§ **Excerpted records**
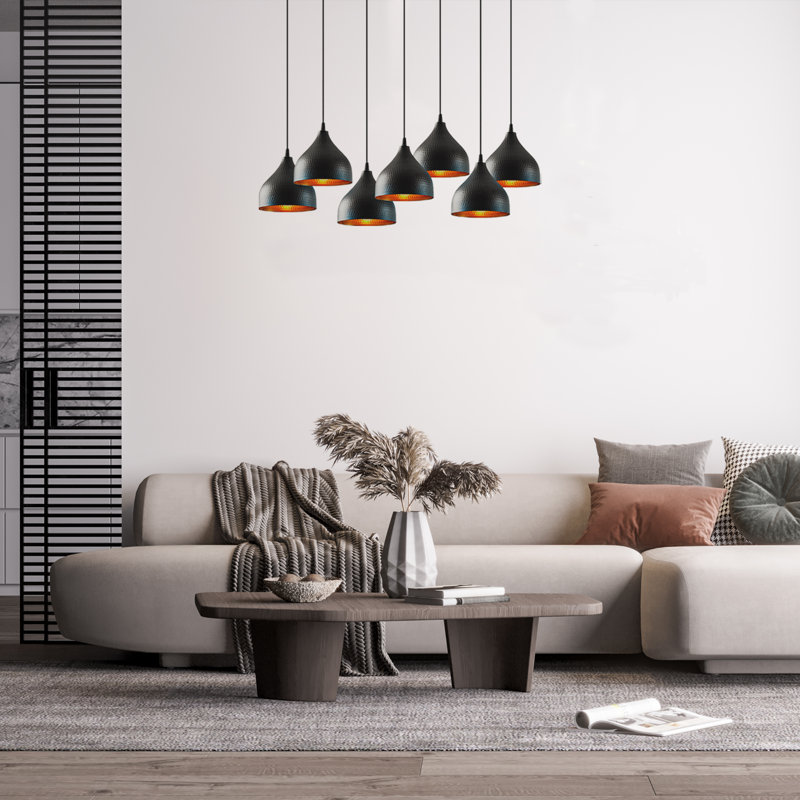 7 - Light Kitchen Island Pendant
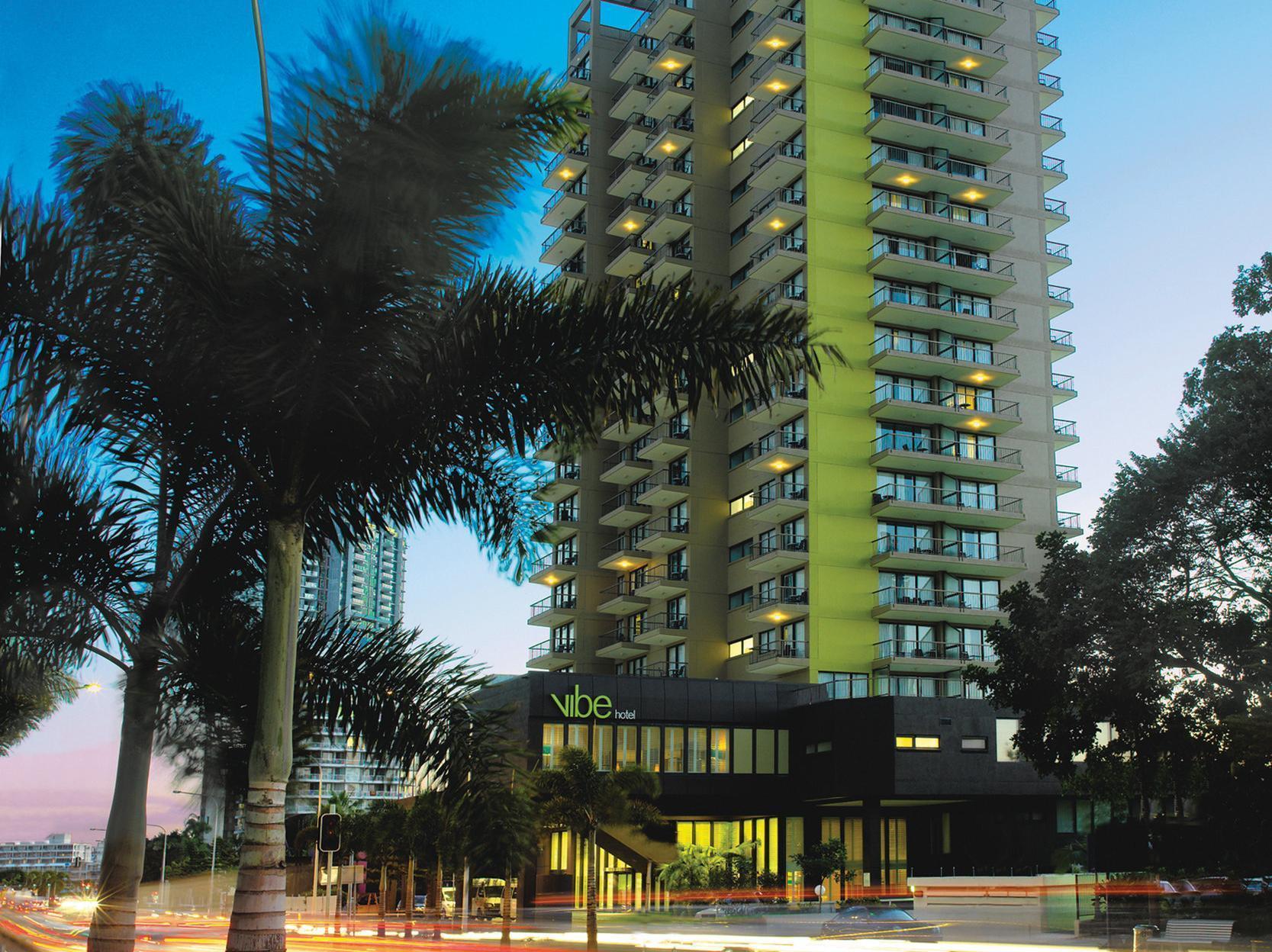 Vibe Hotel Gold Coast Exterior photo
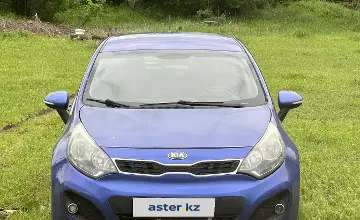 Kia Rio 2013 года за 3 800 000 тг. в Алматы фото 2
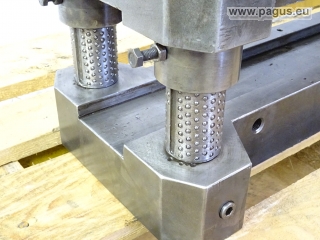 PAGUS Werkzeugaufnahme für Presswerkzeuge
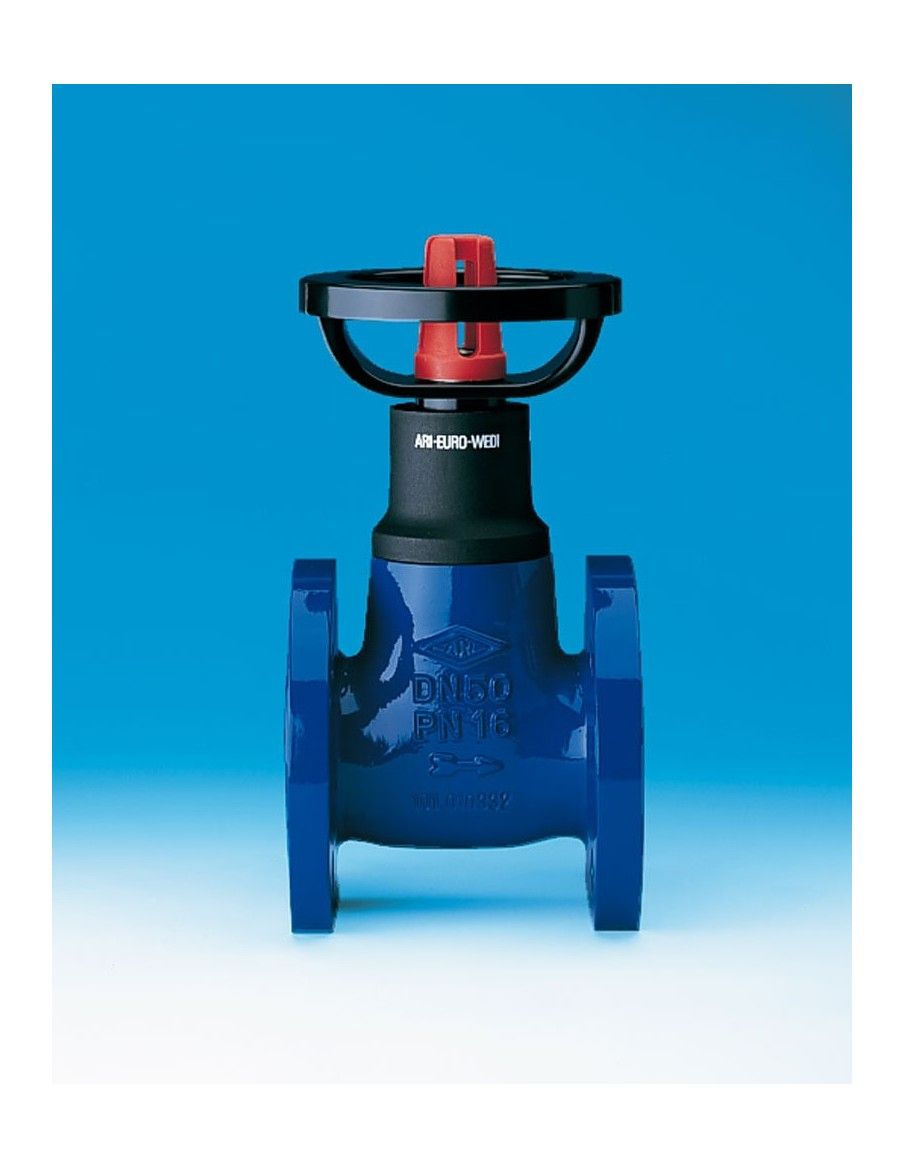 Gate valve soft seal - EURO WEDI | ARI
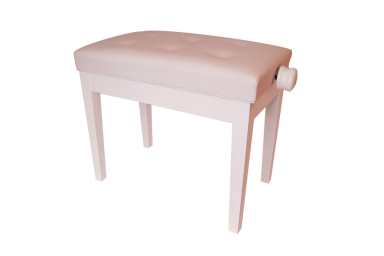 Банкетка белая Fleet BH102-17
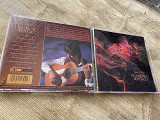 Gino D'Auri-92 Flamenco Mystico 1-st Press USA No IFPI Rare!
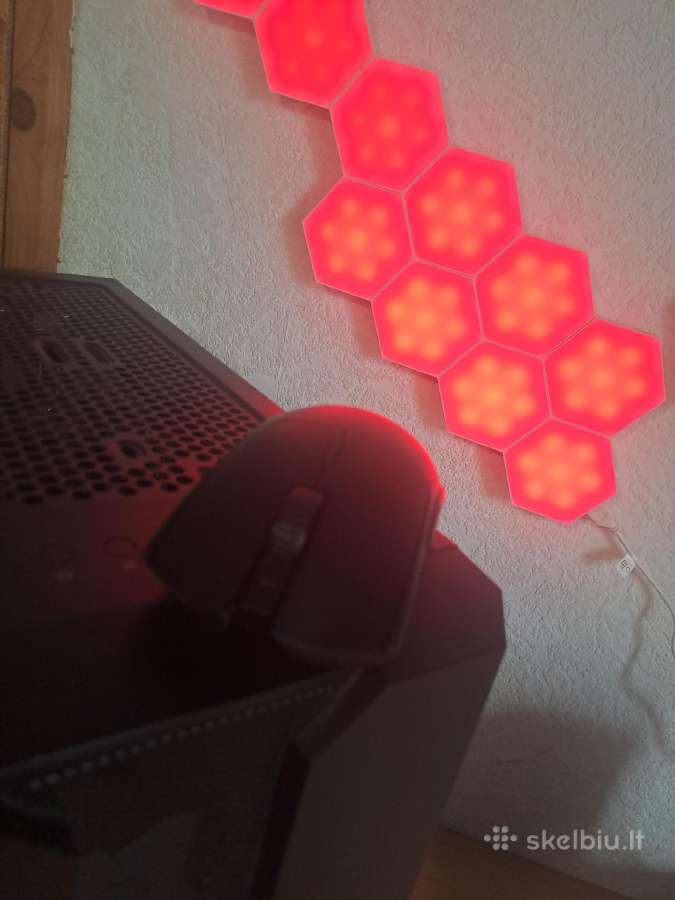Parduodamas gaming kompiuteris . - nuotraukos Nr. 13
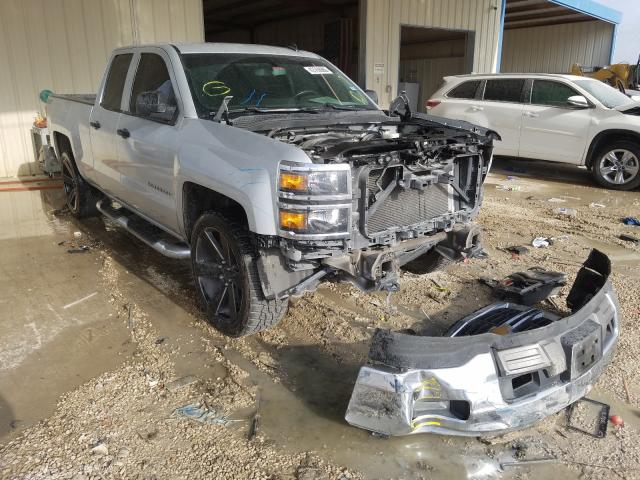 CHEVROLET SILVERADO 2014 1gcrcrec6ez353528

§ **Try it**
Copy out the listing above in full and keep the pictures out.

§ **Expected answer**
 7 - Light Kitchen Island Pendant
 Vibe Hotel Gold Coast Exterior photo
 Kia Rio 2013 года за 3 800 000 тг. в Алматы фото 2
 PAGUS Werkzeugaufnahme für Presswerkzeuge
 Gate valve soft seal - EURO WEDI | ARI
 Банкетка белая Fleet BH102-17
 Gino D'Auri-92 Flamenco Mystico 1-st Press USA No IFPI Rare!
Parduodamas gaming kompiuteris . - nuotraukos Nr. 13
 CHEVROLET SILVERADO 2014 1gcrcrec6ez353528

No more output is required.